[Dataset extract]
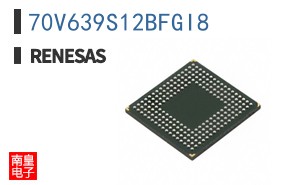 70V639S12BFGI8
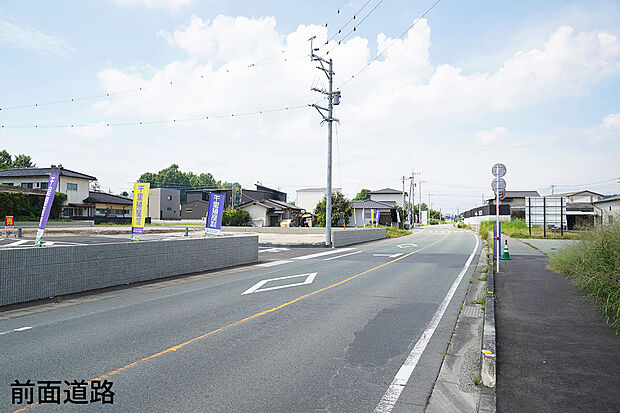 前面道路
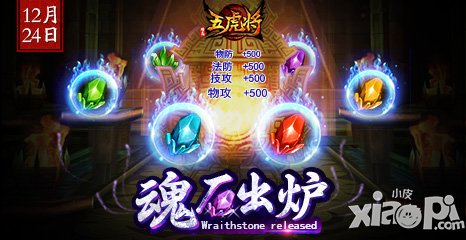 燃烧战魂齐来 《五虎将》火拼1.7.0版本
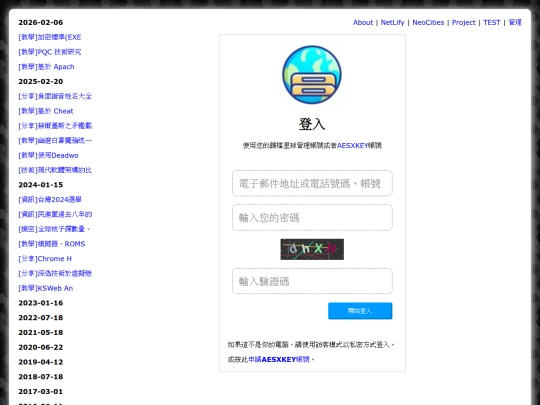 util_login_admin screenshot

[The problem]
The whole listing above is to be printed again exactly; pictures stay out of it.

[Answer for the task]
 70V639S12BFGI8
 前面道路
 燃烧战魂齐来 《五虎将》火拼1.7.0版本
 util_login_admin screenshot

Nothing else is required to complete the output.